The results are in and the winner is Carlen Lea Lesser. Her answer is below.
Understanding the Return of Gill Sans
by Carlen Lea Lesser
Each era seems to have a font or fonts that define it, and from then on that font carries the weight of history and all the cultural associations that go along with it. While Helvetica seems to have been the font of choice since it’s arrival on the scene in the 1950s, recent years have seen the resurgence of Gill Sans. While it may take a long time for Gill Sans to over take Helvetica — if it ever does — there does seem to be a clear trend. One way to understand interplay between these two fonts is to use the generational/socio-cultural theories of Strauss and Howe. These two historians mapped a pattern of interconnected generational (Generations) and socio-cultural (Turnings) cycles that repeat every 80-100 years and tracked back through all of American history and back through much of British history.
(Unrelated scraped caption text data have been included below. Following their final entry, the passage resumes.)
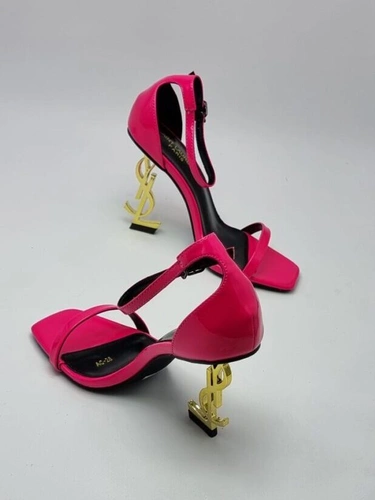Туфли-босоножки Yves Saint Laurent Opyum A105998 Patent Leather Pink фото-2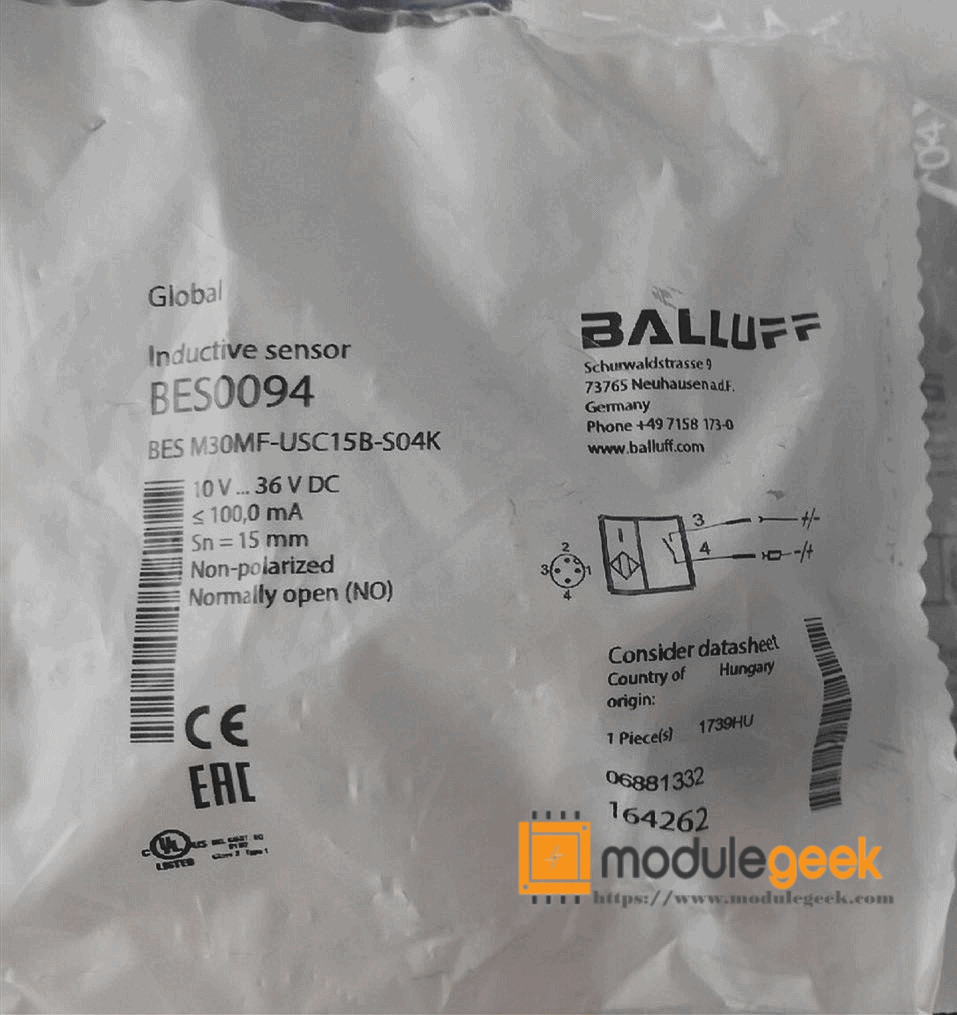 1PCS BALLUFF BES M30MF-USC15B-S04K POWER SUPPLY MODULE  NEW 100%  Best price and quality assurance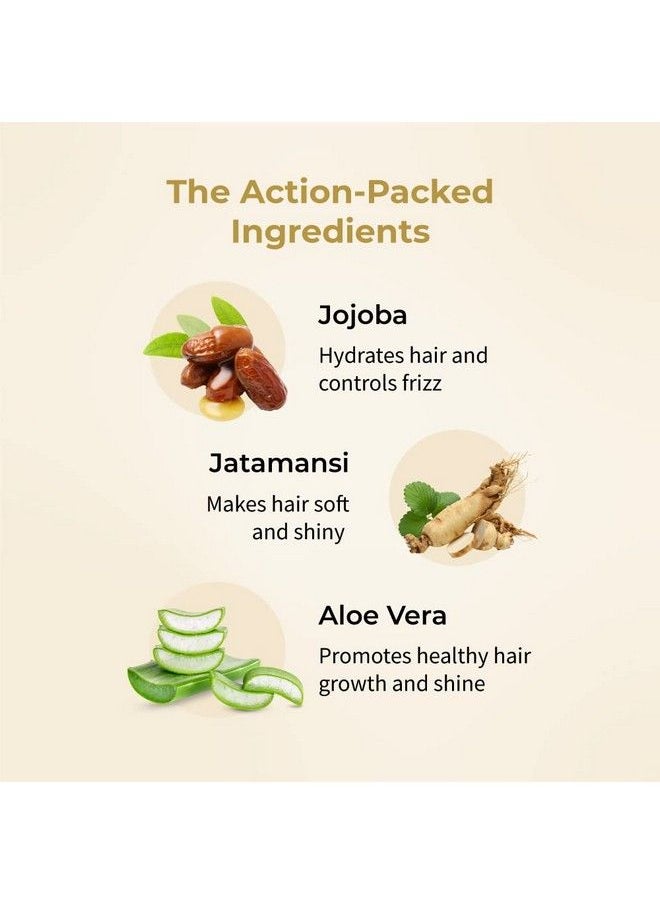 Ayurvedic Hair Mask Customized Druti Sheacare Deep Nourish Hair Mask For Dry And Frizzy Hair With Jojoba + Jatamansi + Aloe Vera 200Gm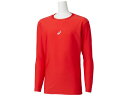 asics アシックス 19 JR.UNDER SHIRTS LS レッド 160 2124A051 600 | スポーツ 運動 衣類 衣料品 服 ウエア ウェア 子供 キッズ ジュニア 野球 ベースボール インナー アンダーシャツ 長袖 ロングスリーブ 丸首 フィット感 練習 部活 快適 トレーニング 機能性 160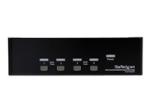 StarTech 4-Port Dual KVM Switch with Audio for DVI Computers
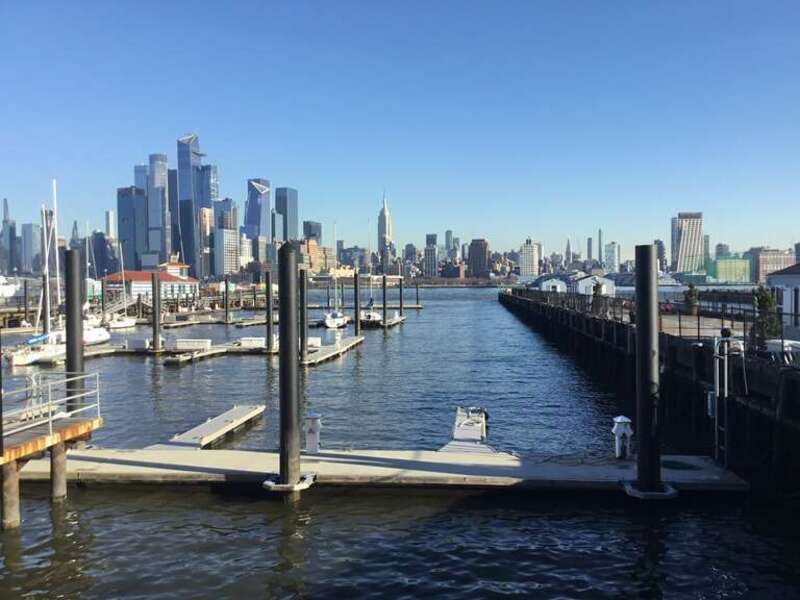 The Manhattan skyline seen from Hoboken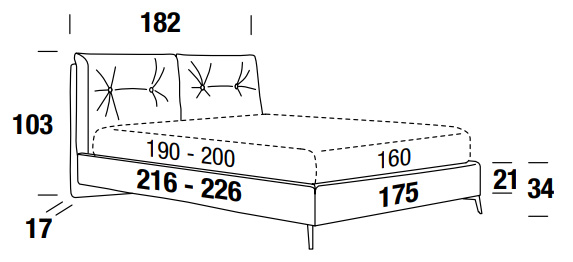 Scotty Felis Double Bed Sizes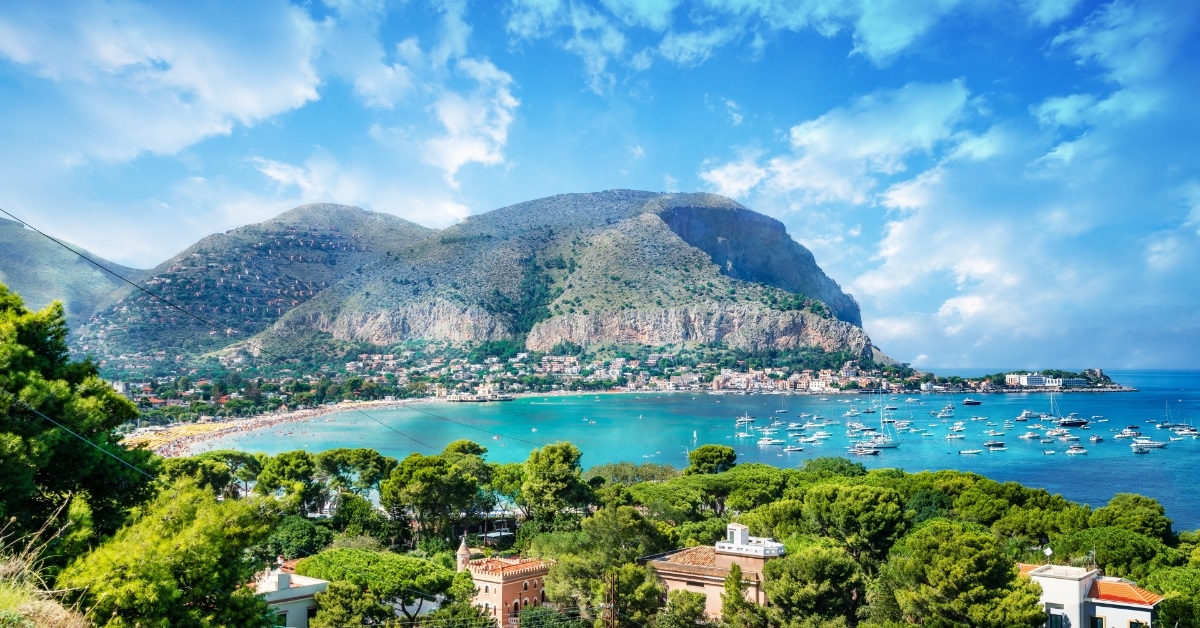 gulf of mondello and monte pellegrino,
By analyzing the times these fonts appeared and re-appeared through the lens of the four turnings, we can see that there are clear cultural reasons behind Gill Sans gaining new popularity.
Helvetica comes out of the late 1950s the end of an era of post-war prosperity and confidence; smack in the middle of the “American High” period in the parlance of Strauss and Howe. Despite being created in Switzerland, it screens the 1950s vision of modern and clean. The lines are strong, bold and clear — the ambivalence and confusion of the Great Depression and WWII are gone. One of the interesting characteristics of Helvetica is its relationship to the Bauhaus movement. Helvetica was designed to take the emotion out of type. It was seen as a “neutral” typeface that would not add any additional mean or emotions. It presents itself as strong, clear, and bold. It is a font that has the promise of this exact moment being right and true.
It is both surprising and unsurprising that Helvetica held on through the 1960s and all the way into the 2000s. No one ever really wants to let go of a High Period, especially those who were raised in one like the Baby Boomers. High Periods, like the idyllic 1950s and early-1960s of the Boomers’ childhood, are times of great security and public confidence in institutions, and lacking in individualism. In the Awakening of the 1960-1970s, Helvetica would have represented a calm center in the storm for those tossed about by the counter-culture revolution. It was the font of IBM, American Airlines, and Bell Atlantic; solid, stable companies that represented the best of America. As we moved to the Unraveling of the 1980s-1990s, those same people who needed the stability of Helvetica in the counter-culture of 1960s needed it even more, and the former Hippies turned into the Yuppies of the 1980s. Needless to say the promise of economic growth of IBM, Mattel, and General Motors was appealing to the Yuppies of the 1980s.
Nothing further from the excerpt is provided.